= Entries taken from a collection =
########################################
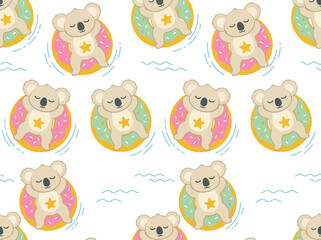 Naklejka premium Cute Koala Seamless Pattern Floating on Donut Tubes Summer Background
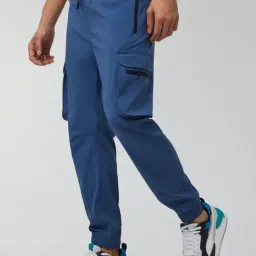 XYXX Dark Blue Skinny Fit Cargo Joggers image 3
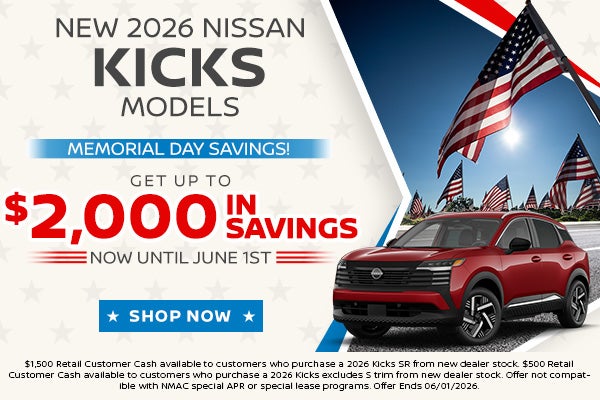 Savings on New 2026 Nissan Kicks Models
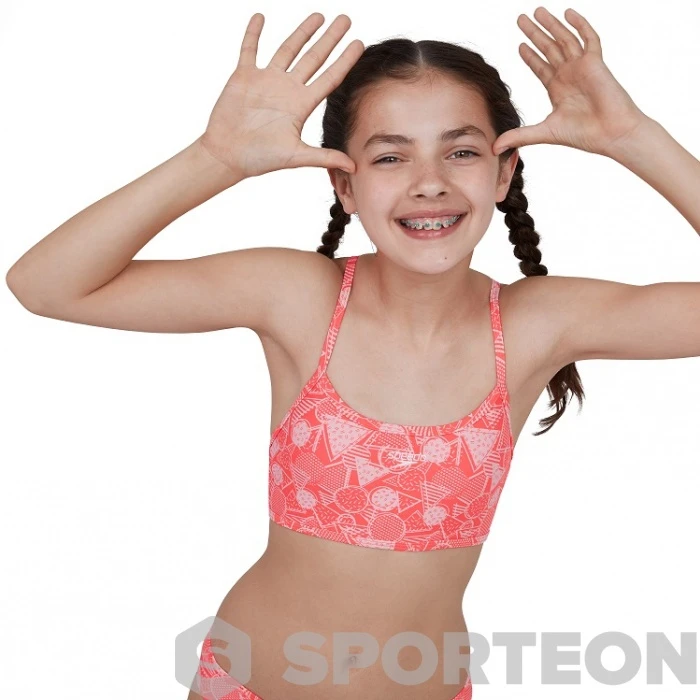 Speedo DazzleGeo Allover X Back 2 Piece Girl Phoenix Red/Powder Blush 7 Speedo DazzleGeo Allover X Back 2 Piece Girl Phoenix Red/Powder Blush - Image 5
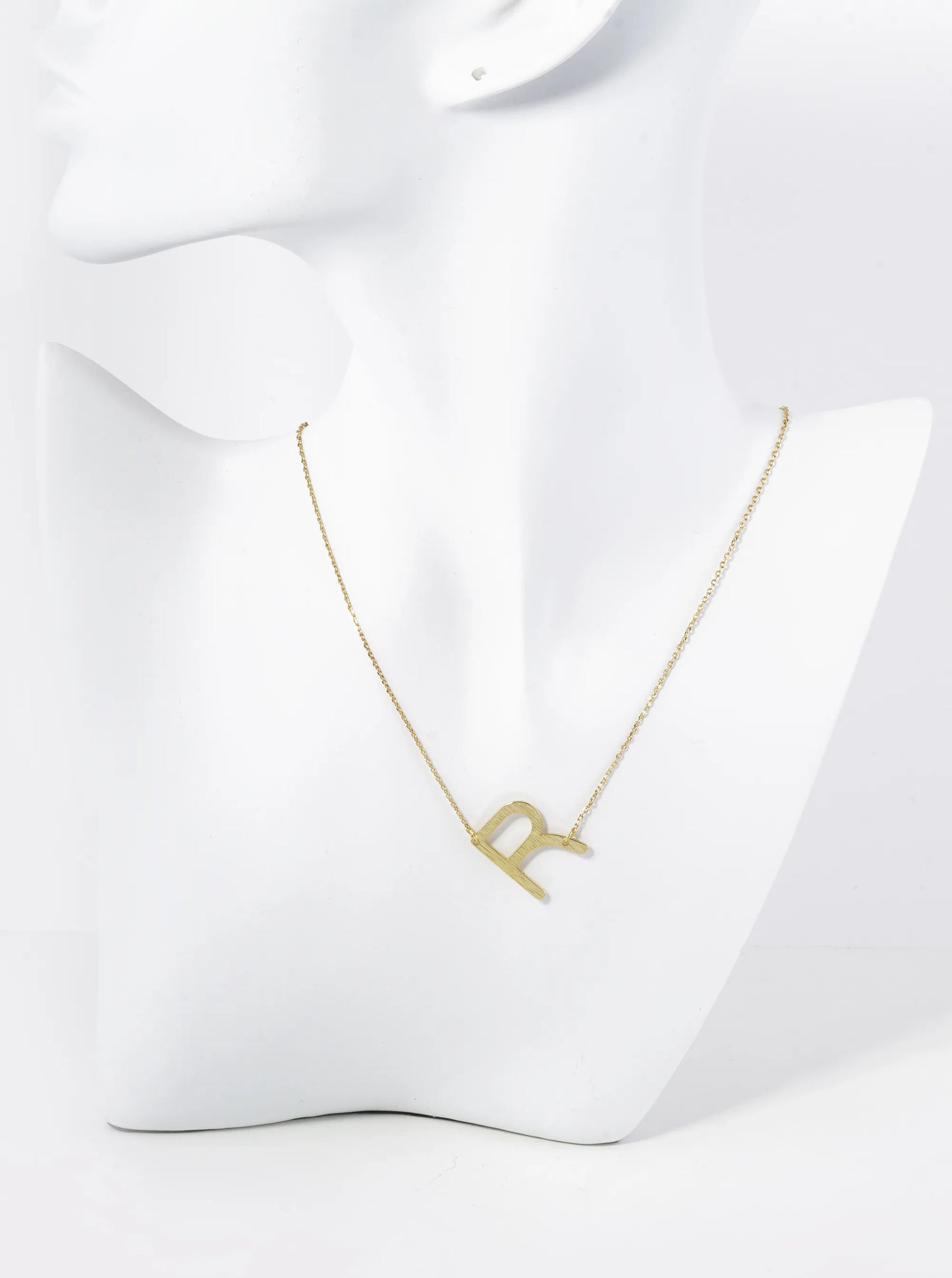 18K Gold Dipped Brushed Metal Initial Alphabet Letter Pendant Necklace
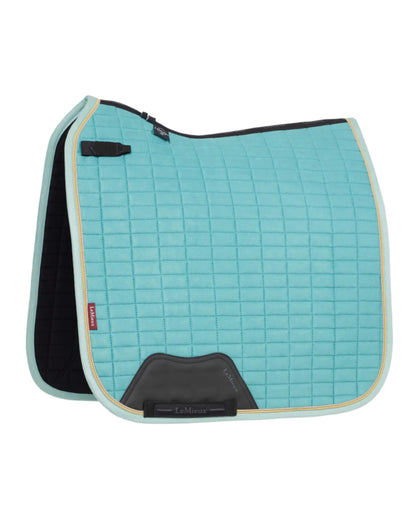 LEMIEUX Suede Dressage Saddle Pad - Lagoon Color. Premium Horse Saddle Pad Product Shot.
########################################
= Problem details =
All of the entries above need to be repeated exactly, minus the pictures.

= Completed exercise =
 Naklejka premium Cute Koala Seamless Pattern Floating on Donut Tubes Summer Background
 XYXX Dark Blue Skinny Fit Cargo Joggers image 3
 Savings on New 2026 Nissan Kicks Models
 Speedo DazzleGeo Allover X Back 2 Piece Girl Phoenix Red/Powder Blush 7 Speedo DazzleGeo Allover X Back 2 Piece Girl Phoenix Red/Powder Blush - Image 5
 18K Gold Dipped Brushed Metal Initial Alphabet Letter Pendant Necklace
 LEMIEUX Suede Dressage Saddle Pad - Lagoon Color. Premium Horse Saddle Pad Product Shot.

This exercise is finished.